Spark-RSVD is a lib to compute approximate SVD decomposition of large sparse matrices (up to 100 million rows and columns) using an iterative algorithm for speed and efficiency.

The iterative algorithm is based on a random initial starting point, hence its name of Randomized SVD algorithm. It is described in [1]. A tree reduce algorithm is used for fast QR decomposition of tall and skinny matrices [2].

## Inputs and outputs

Spark-RSVD expects a sparse matrix of the type `BlockMatrix`

as defined here. To help creating such a matrix, a helper function (`FromMatrixEntries`

code) is provided. It accepts an RDD of `MatrixEntry`

, as defined by MLLib, which is a simple case class to indicate non-zero values in coordinate format.

Spark-RSVD also needs some other parameters as inputs which are explained in the parameters section below.
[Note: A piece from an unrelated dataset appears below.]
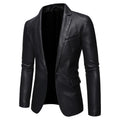 Spring and Autumn Men's Leather Clothing Suit Fashion Slim Fit Casual Jacket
Spark-RSVD outputs the left singular vectors, the singular values and the right singular vectors (if needed). The singular values are stored as a Breeze `DenseVector[Double]`

. The singular vectors are stored as a `SkinnyBlockMatrix`

defined here.

## Parameters

Spark-RSVD needs some parameters which are collected together in a case class called `RSVDConfig`

. They are mostly self-explanatory, but here is a description of their meaning:

`embeddingDim`

:`Int`

. Number of the approximate singular vectors and singular values to be computed`oversample`

:`Int`

. Number of surplus vectors which are needed to increase the precision of the singular vectors. See [1] for more explanation.`powerIter`

:`Int`

. Number of iterations of the iterative algorithm. Only a couple are needed to get to a high precision (again, see [1])`seed`

:`Int`

. Seed for the initialization of the random basis. Using always the same value should lead to repeatable results (though Spark may have unrepeatable results due to the varying order of execution of some operations)`blockSize`

:`Int`

. Size of the blocks used in`BlockMatrix`

and`SkinnyBlockMatrix`

. See the section data format for more explanations.`partitionWidthInBlocks`

:`Int`

. Width of the partitions of the`BlockMatrix`

in number of blocks. The`SkinnyBlockMatrix`

is also partitioned vertically with the same number of blocks for consistency during the matrix-vector multiplication. See the section data format for more explanations.`partitionHeightInBlocks`

:`Int`

. Height of the partitions of the`BlockMatrix`

in number of blocks. See the section data format for more explanations.`computeLeftSingularVectors`

and`computeRightSingularVectors`

:`Boolean`

. Indicates whether the left singular vectors and the right singular vectors should be computed.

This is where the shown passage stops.